In the process of finding the general solution to a partial differential equation using separation of variables, I derived the Fourier sine series $\sum_{n = 1}^\infty b_n \sin(n\pi x) = e^{2x}$.
The problem is as follows:
Write down an expression (involving inner products) for the values of the constants in the general solution.
The solution provided is as follows:
The initial condition is $u(x, 0) = 1$ for $0 < x < 1$.
$\therefore \sum_{n = 1}^\infty b_n e^{-2x} \sin(n\pi x) = 1$
$\implies \sum_{n = 1}^\infty b_n \sin(n\pi x) = e^{2x}$
The functions $\sin(n\pi x)$, $n = 1, 2, 3, ...$ are orthogonal on $[0, 1]$ with inner product $\langle\ f(x), g(x)\rangle = \int_0^1 f(x)g(x) \ dx$, and hence
$b_n \dfrac{\langle e^{2x}, \sin(n\pi x) \rangle}{\langle \sin(n\pi x), \sin(n\pi x) \rangle}$.
I don't understand how it was found that the functions $\sin(n\pi x)$, $n = 1, 2, 3, ...$ are orthogonal on $[0, 1]$?
I also don't understand how we get $b_n \dfrac{\langle e^{2x}, \sin(n\pi x) \rangle}{\langle \sin(n\pi x), \sin(n\pi x) \rangle}$? It seems almost like an orthonormalisation?
I would greatly appreciate it if people could please take the time to clarify this.

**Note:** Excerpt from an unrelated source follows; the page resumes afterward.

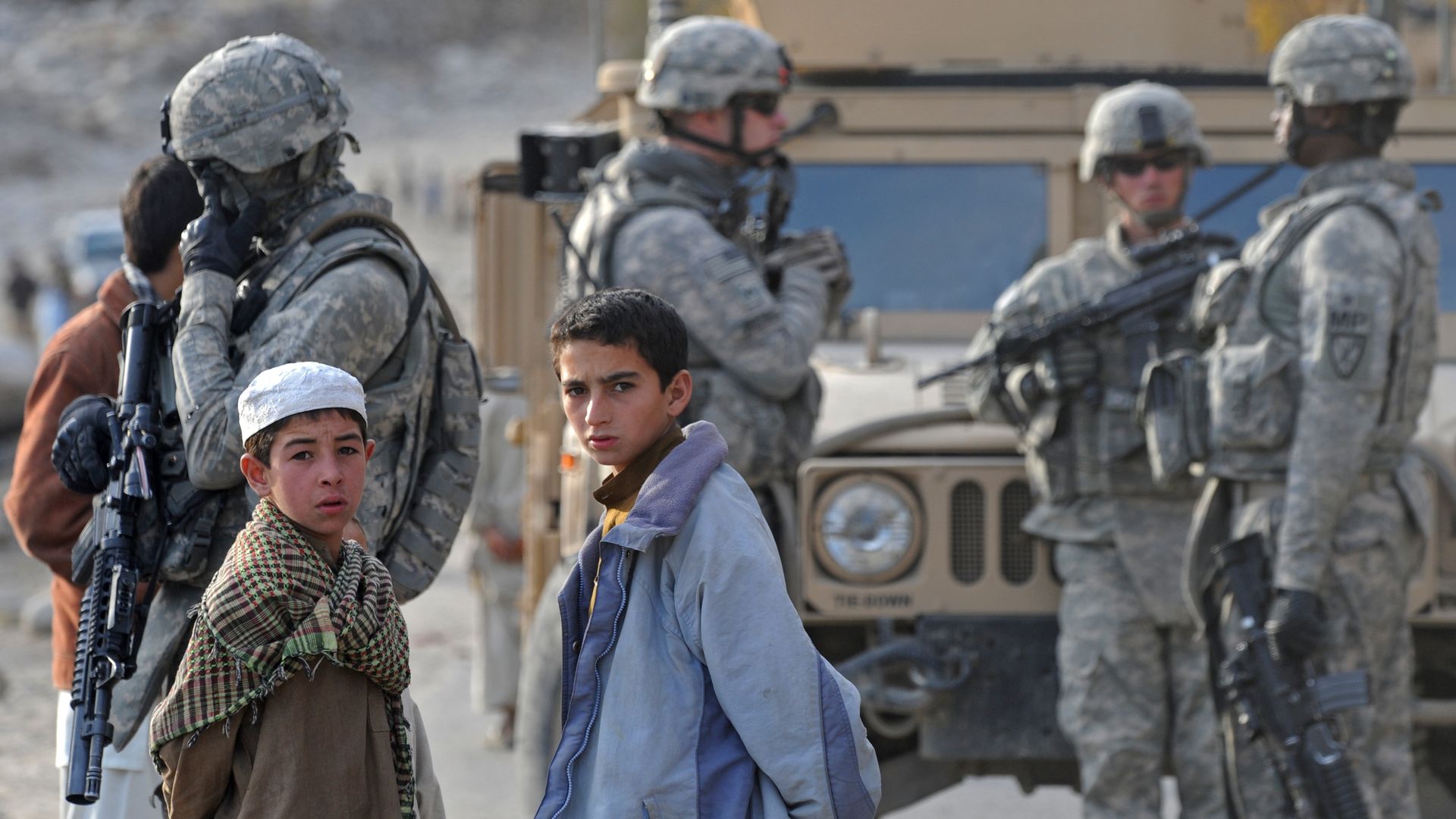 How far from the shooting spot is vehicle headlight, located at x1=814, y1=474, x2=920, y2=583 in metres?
4.90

You can convince yourself that they are indeed orthogonal by checking the integral : $$\int_0^1 \sin(n \pi x) \sin(m \pi x) = \frac{1}{2}\delta_{m-n} $$
For your second question, it is exactly an orthonormalization. The inner product is equivalent to a dot product of ordinary vectors. The vector basis are given by $e_n = \sin(n\pi x)$, which is simply an infinite basis. You are simply doing projections into this vector basis. Consider the following : $$ \exp(2x) = \sum_n b_n \sin(n\pi x)$$. Now integrate both sides with another sine function and permute sum/integral, which is how you usually derive $b_n$: $$ \int_0^1 \exp(2x) \sin(m \pi x) = \sum_n b_n \int_0^1 \sin(m\pi x) \sin(n\pi x)$$. Using the fact that the right integral is zero if $n\neq m$, you get: $$ \int_0^1 \sin(m \pi x )\exp(2x) = b_m \int_0^1 \sin(m\pi x)^2$$. This is exactly a vector base change. The sines function form a vector space, with the inner product defined by an integral. The vector space is also complete in the sense that any function in [0,1] can be exactly represneted by a sum of sines.